Begin at the line containing "KEUCO iLook Round" and retype each line through the end of the records exactly. Include nothing else and no pictures.
Material provided: Begin
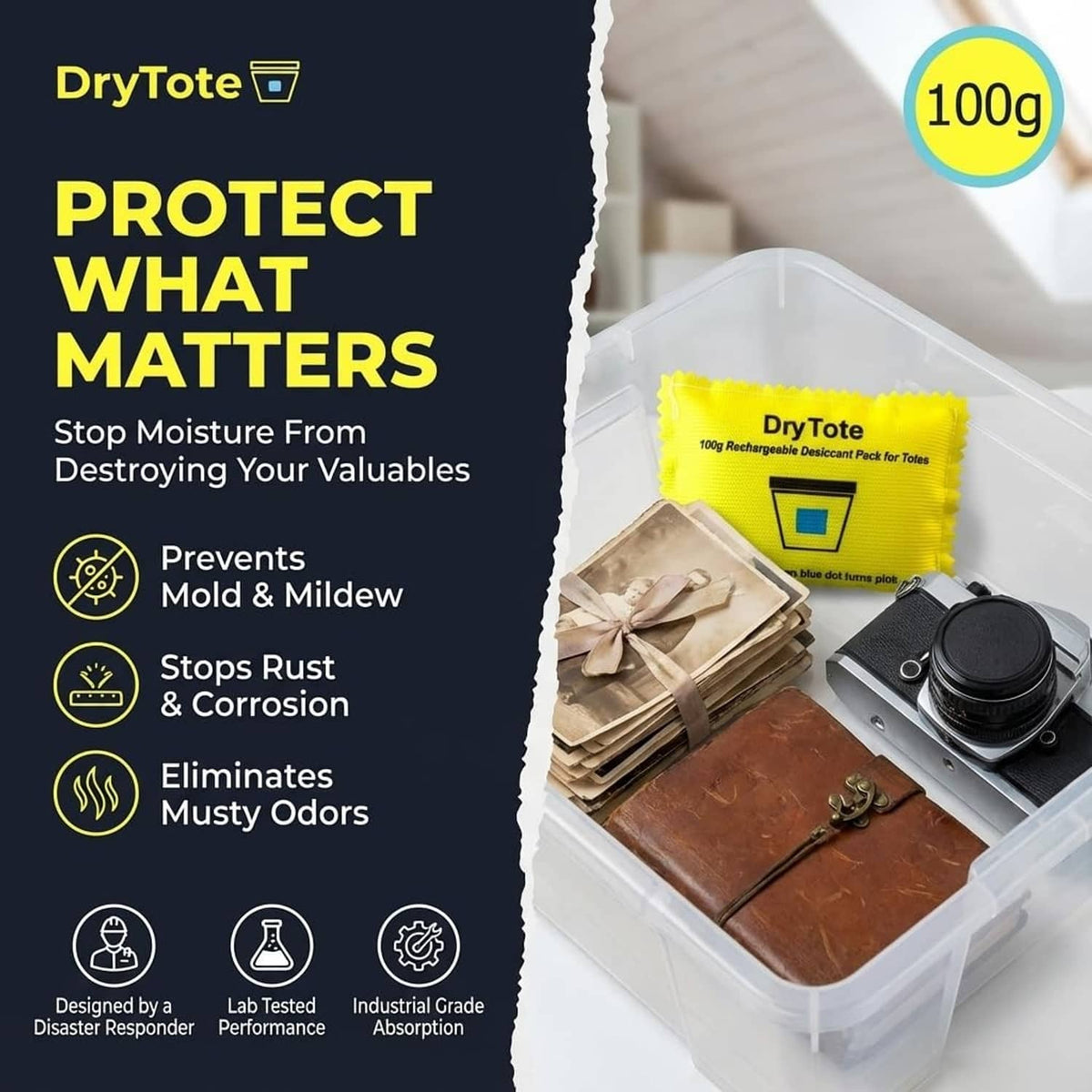Yellow rechargeable desiccant pouch with blue indicator window in a clear storage bin.
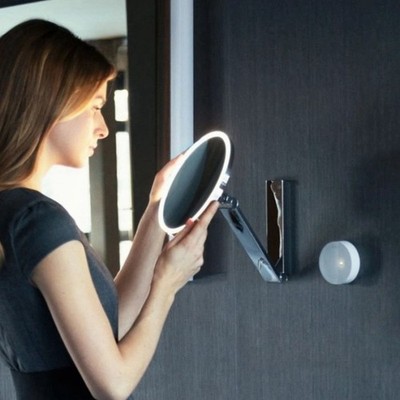 KEUCO iLook Round LED Lighted Magnifying Wall Mounted Make-up Mirror 8-3/8 in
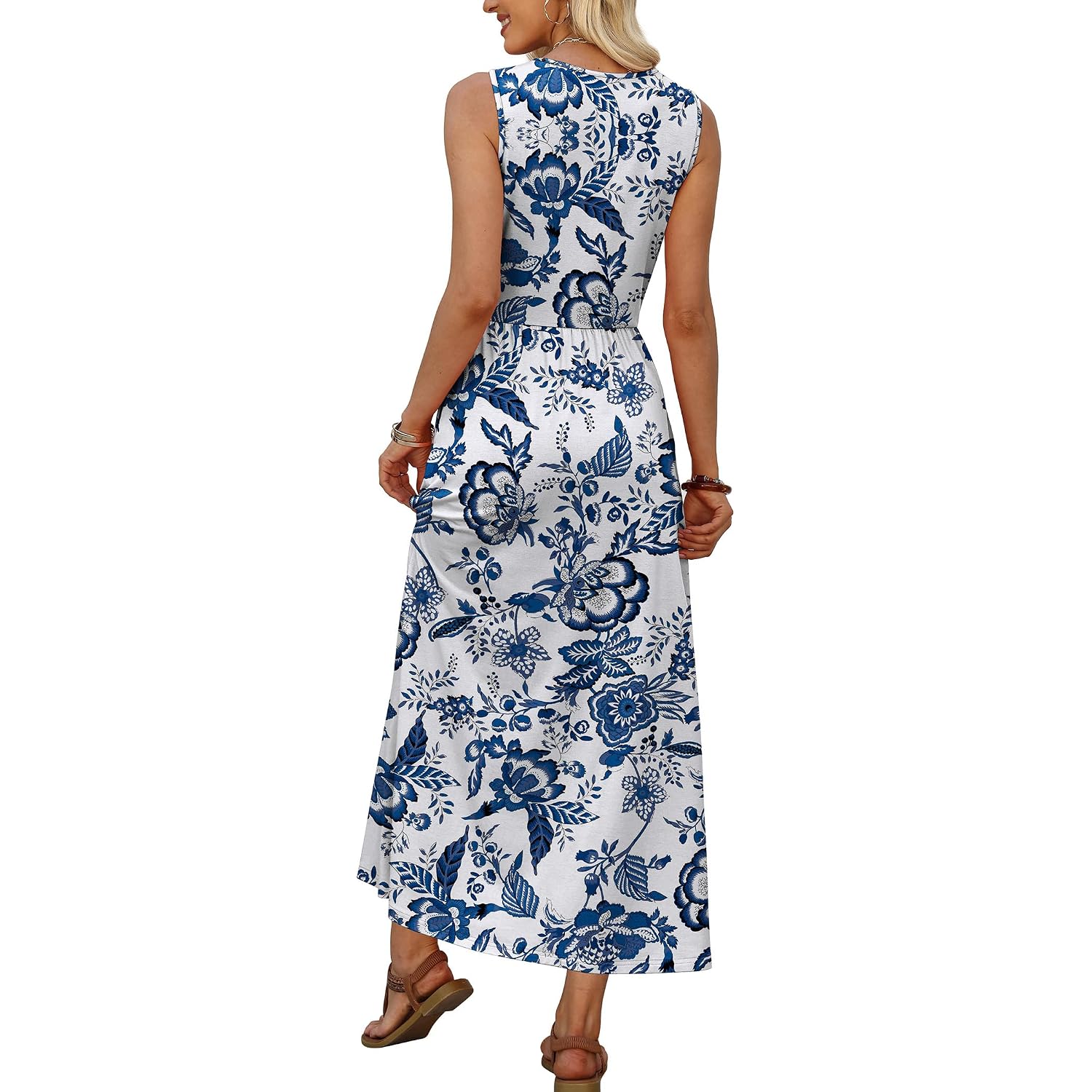 Wiholl Summer Dresses Babydoll Maxi Dress Empire Waist Beach Vacation Sundresses 2026 With Pockets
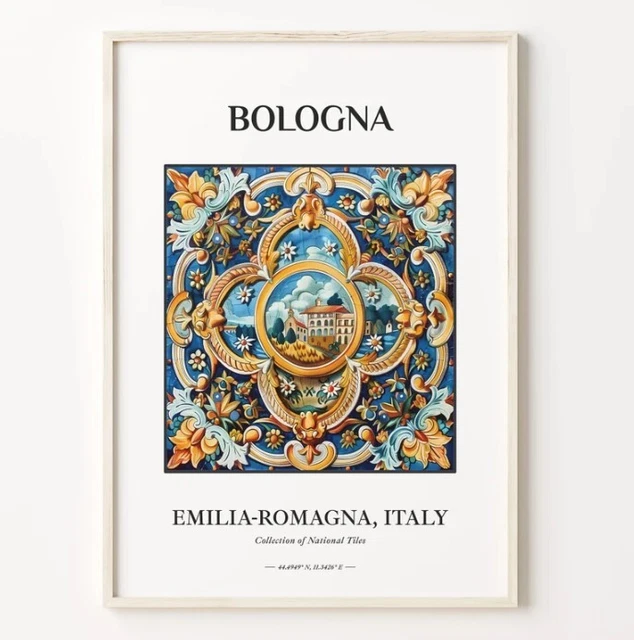 Bologna Tile Pattern Wall Art, Emilia-Romagna Decor Print NO FRAMED ...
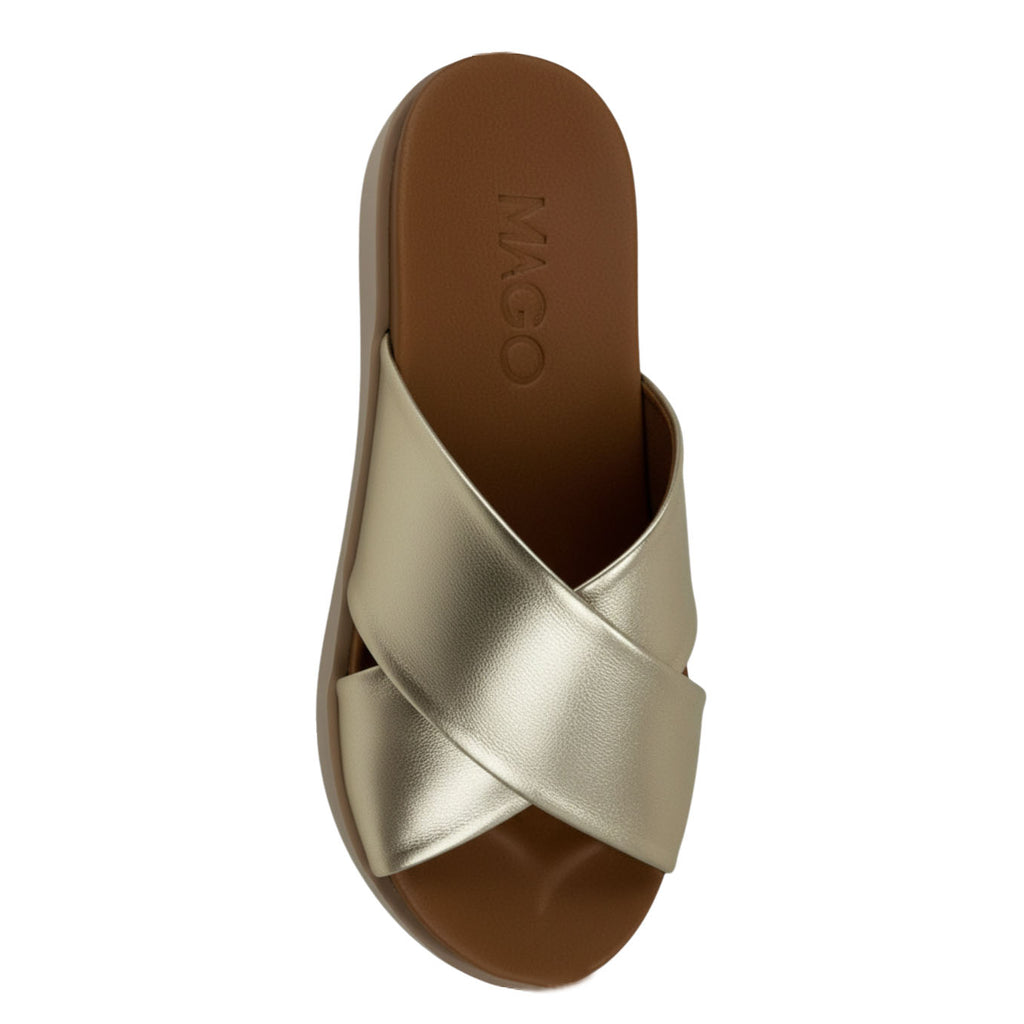 Esra gold leather crossover wide strap platform slide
Material provided: End
## Expected answer
 KEUCO iLook Round LED Lighted Magnifying Wall Mounted Make-up Mirror 8-3/8 in
 Wiholl Summer Dresses Babydoll Maxi Dress Empire Waist Beach Vacation Sundresses 2026 With Pockets
 Bologna Tile Pattern Wall Art, Emilia-Romagna Decor Print NO FRAMED ...
 Esra gold leather crossover wide strap platform slide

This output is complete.